Indes René Stadtkewitz richtet seine Partei nicht nur inhaltlich nach den anderen Vorbildern aus, sondern er sucht auch den direkten rechten Schulterschluss: Gemeinsam mit FPÖ und flämischen »Vlaams Belang« (VB) verkündete Stadtkewitz beispielsweise unlängst in Israel die »Jerusalemer Erklärung« gegen die angebliche neue »weltweite totalitäre Bedrohung des fundamentalistischen Islam«. Pikant: Als Mitunterzeichner sind auch die »Schwedendemokraten« (SD) dabei, deren Wurzeln in der neonazistischen Szene des Landes liegen – und von deren Funktionären nach Recherchen schwedischer Medien nicht wenige bis in die heutige Zeit Kontakte in die extreme Rechte pflegen.

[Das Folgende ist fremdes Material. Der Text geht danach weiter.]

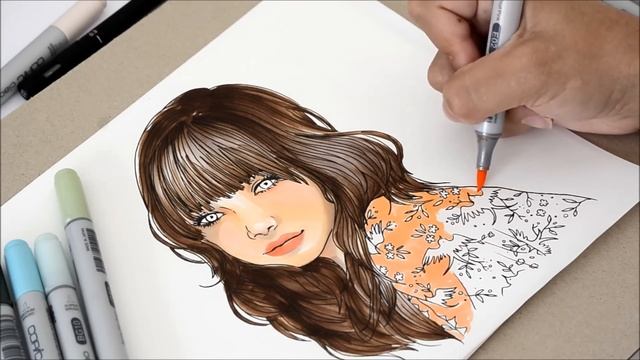 Tutorial - How to color with copics: coloring with elegant minimal palettes смотреть онлайн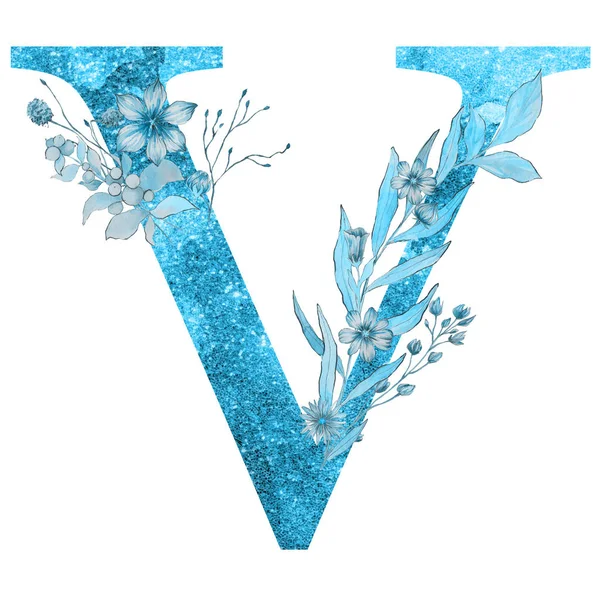 letter  v of the alphabet with flowers and leaves. Floral elegant design.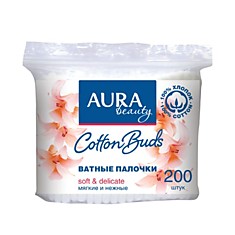 Ватные палочки 200 шт. AURA полиэтиленовый пакет 2883 6440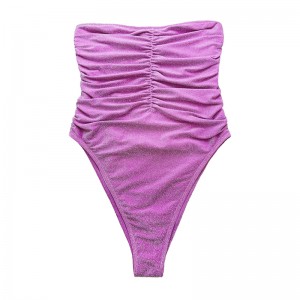 Fialové stříbrné bez ramínek bez ramínek bez ramínek plisované jednodílné plavky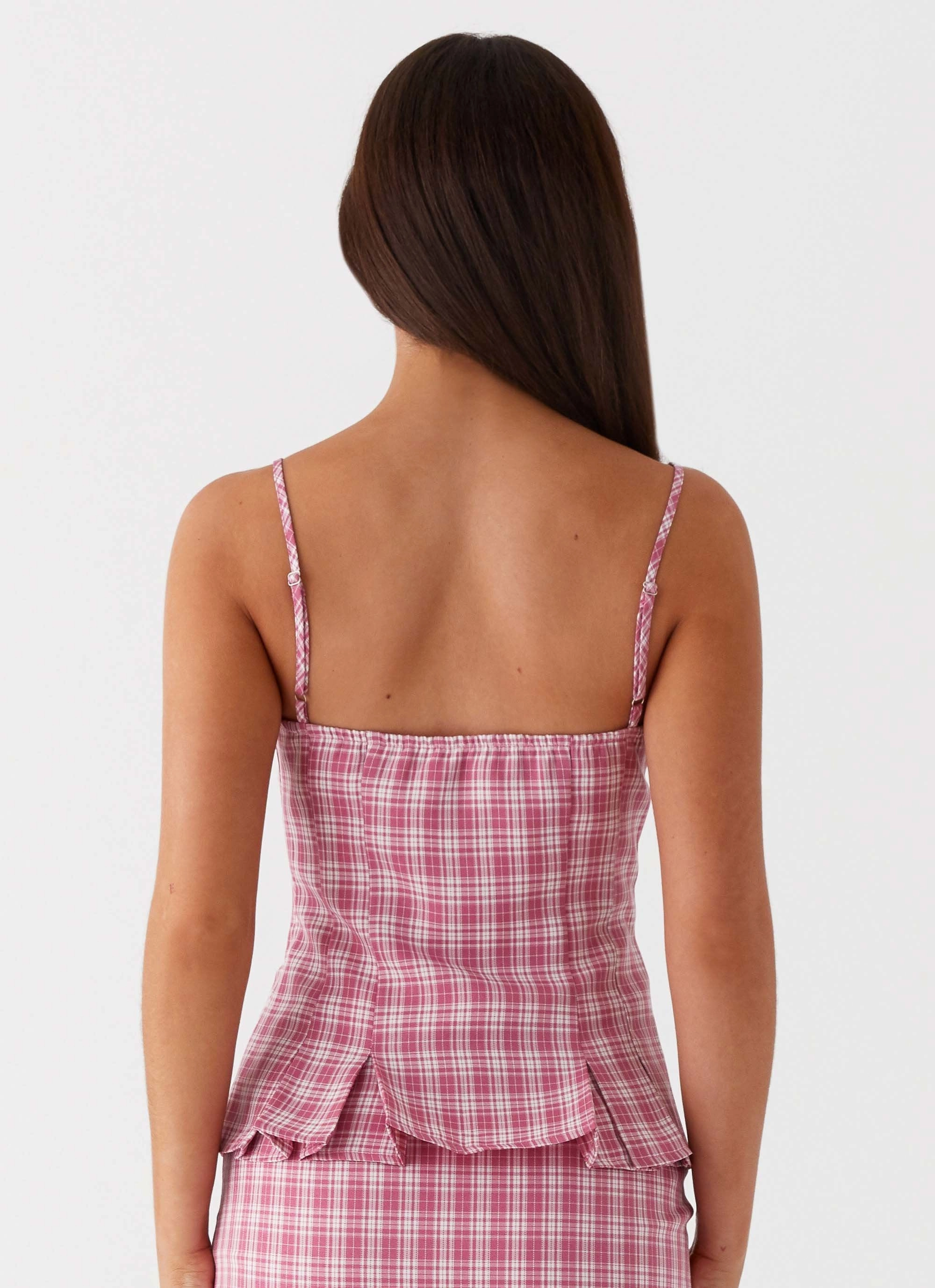Water resistant coating Thermal regulation Mamita Ruched Top - Pink Check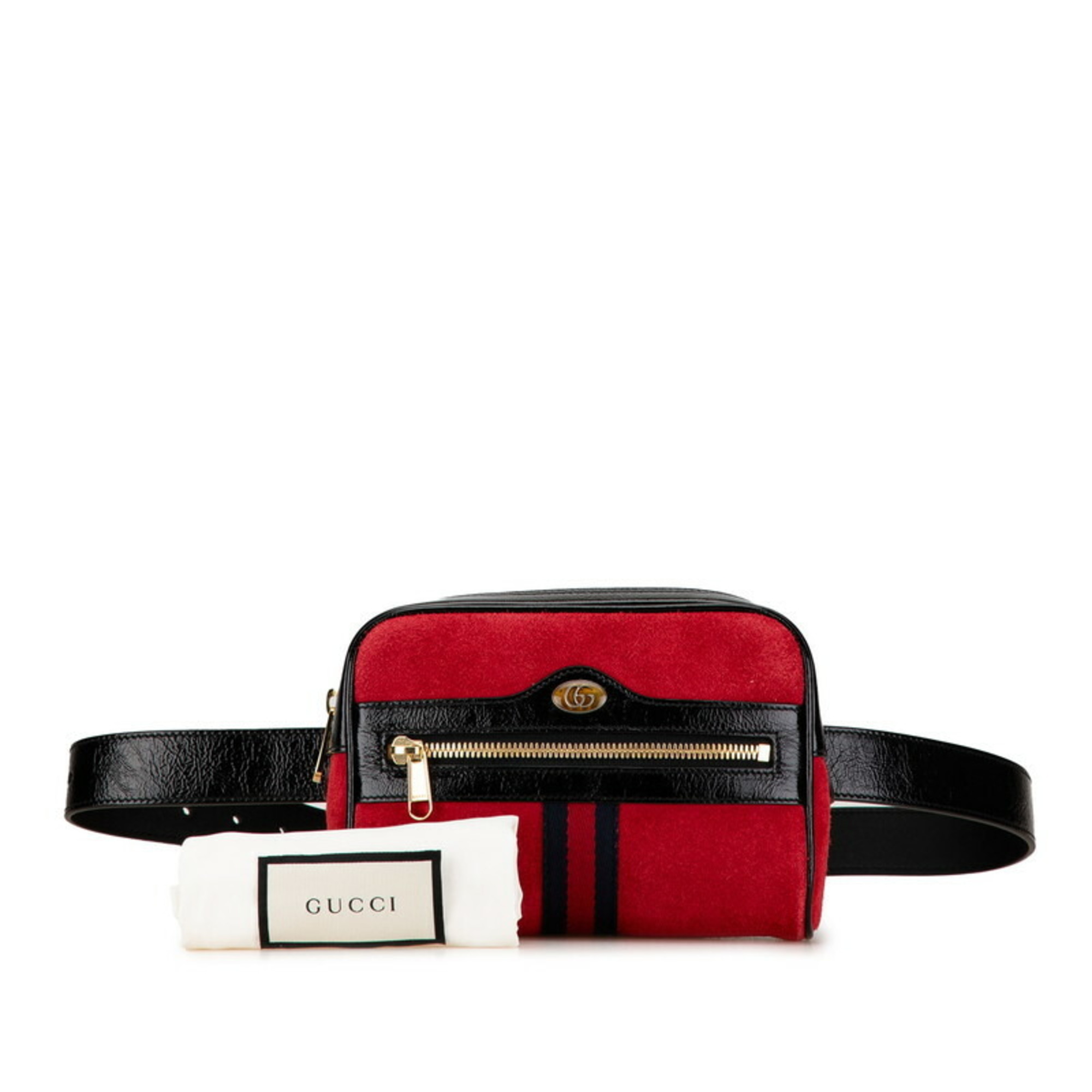 Gucci Web Ophidia Sherry Line Waist Bag Belt 517076 Red Black Suede Patent Leather Women's GUCCI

Überhaupt scheint die Abgrenzung gegenüber »Extremisten« durch die Freiheitspartei und René Stadtkewitz zumindest auf internationaler Ebene nur taktischer Natur zu sein. »Im internationalen Anti-Djihad-Netzwerk trifft sich Stadtkewitz mit Leuten, die Kontakte bis in die Nazi-Ecke haben«, berichtet auch Ulli Jentsch vom Antifaschistischen Pressearchiv (apabiz), der die islamfeindliche Szene seit Jahren beobachtet. Zu diesem Spektrum würden ehemalige Mitglieder der Britischen National Party (BNP) ebenso zählen wie gewaltbereite Hooligans. Fester Bestandteil dieses kuriosen Spektrums ist deutscherseits auch die »Bürgerbewegung Pax Europa«, deren Berliner Landesvorsitzender ist: René Stadtkewitz, Mitglied des Abgeordnetenhauses zu Berlin.